### Material provided:
'''
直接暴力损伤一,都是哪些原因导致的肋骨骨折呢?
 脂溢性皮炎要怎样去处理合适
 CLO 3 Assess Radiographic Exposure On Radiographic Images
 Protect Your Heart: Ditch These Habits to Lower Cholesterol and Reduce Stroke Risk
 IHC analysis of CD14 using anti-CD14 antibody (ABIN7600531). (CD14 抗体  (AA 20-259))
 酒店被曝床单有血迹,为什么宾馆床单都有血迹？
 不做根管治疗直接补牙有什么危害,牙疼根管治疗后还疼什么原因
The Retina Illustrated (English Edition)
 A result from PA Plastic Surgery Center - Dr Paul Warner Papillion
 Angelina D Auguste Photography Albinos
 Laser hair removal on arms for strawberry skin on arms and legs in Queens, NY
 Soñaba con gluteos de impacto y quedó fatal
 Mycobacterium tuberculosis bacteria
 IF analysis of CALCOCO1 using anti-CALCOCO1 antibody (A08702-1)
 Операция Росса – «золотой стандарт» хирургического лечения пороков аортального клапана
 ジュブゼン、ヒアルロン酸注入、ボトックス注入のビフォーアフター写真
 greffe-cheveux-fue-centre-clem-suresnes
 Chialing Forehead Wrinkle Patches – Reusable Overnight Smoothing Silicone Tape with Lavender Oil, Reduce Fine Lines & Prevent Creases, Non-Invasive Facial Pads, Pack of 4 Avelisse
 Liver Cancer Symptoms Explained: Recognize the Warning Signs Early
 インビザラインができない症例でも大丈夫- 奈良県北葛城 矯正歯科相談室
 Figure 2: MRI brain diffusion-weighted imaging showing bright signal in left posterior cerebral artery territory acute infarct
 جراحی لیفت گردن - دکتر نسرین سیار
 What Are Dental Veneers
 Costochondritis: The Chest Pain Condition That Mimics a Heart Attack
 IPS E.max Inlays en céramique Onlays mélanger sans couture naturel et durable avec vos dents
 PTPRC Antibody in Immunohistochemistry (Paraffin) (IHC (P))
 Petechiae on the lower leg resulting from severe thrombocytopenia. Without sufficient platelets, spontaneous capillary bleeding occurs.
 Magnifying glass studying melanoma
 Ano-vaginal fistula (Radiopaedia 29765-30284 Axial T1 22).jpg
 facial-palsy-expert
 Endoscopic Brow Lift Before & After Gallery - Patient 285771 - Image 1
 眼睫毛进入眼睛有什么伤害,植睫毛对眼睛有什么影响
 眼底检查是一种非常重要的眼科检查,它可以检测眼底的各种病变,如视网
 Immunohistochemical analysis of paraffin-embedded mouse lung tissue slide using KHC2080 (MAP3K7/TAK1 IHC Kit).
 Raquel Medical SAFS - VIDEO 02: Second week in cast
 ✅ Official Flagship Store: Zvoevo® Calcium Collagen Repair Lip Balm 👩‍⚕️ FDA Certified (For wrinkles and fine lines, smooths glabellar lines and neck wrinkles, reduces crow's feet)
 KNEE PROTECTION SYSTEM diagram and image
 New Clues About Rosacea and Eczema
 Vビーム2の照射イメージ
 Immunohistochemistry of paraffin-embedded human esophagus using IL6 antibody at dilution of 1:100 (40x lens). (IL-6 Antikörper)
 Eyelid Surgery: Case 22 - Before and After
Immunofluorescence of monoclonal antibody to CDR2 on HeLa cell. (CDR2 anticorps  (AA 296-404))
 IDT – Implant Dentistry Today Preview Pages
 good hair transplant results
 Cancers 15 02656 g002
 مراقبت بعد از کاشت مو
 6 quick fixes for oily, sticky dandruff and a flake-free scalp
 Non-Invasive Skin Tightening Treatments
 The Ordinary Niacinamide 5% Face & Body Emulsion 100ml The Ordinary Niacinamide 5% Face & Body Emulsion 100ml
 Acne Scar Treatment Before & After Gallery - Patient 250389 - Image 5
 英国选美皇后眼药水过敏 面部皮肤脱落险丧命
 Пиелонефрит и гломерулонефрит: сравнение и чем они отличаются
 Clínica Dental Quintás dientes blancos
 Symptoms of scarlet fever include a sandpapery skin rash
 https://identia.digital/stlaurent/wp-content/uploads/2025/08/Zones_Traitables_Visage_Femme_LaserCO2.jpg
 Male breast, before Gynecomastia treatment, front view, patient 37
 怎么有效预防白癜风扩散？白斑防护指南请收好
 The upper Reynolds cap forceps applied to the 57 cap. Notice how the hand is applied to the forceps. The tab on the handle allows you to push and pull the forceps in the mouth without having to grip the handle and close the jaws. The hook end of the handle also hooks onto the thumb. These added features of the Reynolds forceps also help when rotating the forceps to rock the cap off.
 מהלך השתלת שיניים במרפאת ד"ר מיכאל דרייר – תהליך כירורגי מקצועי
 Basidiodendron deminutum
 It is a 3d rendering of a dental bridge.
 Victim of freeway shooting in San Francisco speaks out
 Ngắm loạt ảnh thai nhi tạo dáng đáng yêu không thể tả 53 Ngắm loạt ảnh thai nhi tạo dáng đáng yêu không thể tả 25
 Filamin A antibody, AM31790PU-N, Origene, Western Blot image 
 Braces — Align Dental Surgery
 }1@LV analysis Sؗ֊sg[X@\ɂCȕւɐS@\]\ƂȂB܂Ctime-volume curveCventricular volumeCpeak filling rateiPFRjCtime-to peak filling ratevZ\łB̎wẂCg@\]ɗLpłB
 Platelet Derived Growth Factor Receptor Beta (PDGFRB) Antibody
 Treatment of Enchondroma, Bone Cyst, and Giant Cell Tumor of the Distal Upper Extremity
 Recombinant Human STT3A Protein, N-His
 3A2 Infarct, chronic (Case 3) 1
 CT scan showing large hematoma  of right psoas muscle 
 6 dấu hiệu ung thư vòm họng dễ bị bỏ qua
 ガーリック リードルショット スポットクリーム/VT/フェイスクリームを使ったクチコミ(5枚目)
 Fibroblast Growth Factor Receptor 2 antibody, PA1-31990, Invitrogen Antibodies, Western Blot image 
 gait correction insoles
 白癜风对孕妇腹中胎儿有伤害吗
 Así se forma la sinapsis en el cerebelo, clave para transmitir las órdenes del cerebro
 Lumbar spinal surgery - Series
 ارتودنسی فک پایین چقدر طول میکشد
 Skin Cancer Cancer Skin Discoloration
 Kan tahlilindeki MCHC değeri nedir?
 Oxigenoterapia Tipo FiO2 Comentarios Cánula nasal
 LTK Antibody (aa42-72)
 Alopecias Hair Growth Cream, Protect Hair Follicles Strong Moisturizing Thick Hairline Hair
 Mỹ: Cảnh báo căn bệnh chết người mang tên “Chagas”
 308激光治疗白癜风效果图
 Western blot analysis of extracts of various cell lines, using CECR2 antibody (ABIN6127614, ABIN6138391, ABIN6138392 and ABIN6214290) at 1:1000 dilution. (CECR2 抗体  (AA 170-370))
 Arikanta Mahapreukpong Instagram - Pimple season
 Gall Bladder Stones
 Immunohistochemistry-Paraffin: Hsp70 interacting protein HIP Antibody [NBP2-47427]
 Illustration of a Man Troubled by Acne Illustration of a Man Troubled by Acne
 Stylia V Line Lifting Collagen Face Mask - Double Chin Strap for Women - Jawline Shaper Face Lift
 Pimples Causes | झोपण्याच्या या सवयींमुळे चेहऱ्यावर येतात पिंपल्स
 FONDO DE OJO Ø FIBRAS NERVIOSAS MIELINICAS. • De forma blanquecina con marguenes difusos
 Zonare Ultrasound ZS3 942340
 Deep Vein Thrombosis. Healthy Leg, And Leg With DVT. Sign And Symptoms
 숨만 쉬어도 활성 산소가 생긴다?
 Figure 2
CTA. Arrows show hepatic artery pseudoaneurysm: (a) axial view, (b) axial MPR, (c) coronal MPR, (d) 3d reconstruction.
'''
### Directions:
What is needed is an exact copy of the lines from the start of the listing through the line where "Protect Your Heart: Ditch" sits, please, both end lines included and nothing more.

### Reply to the exercise:
直接暴力损伤一,都是哪些原因导致的肋骨骨折呢?
 脂溢性皮炎要怎样去处理合适
 CLO 3 Assess Radiographic Exposure On Radiographic Images
 Protect Your Heart: Ditch These Habits to Lower Cholesterol and Reduce Stroke Risk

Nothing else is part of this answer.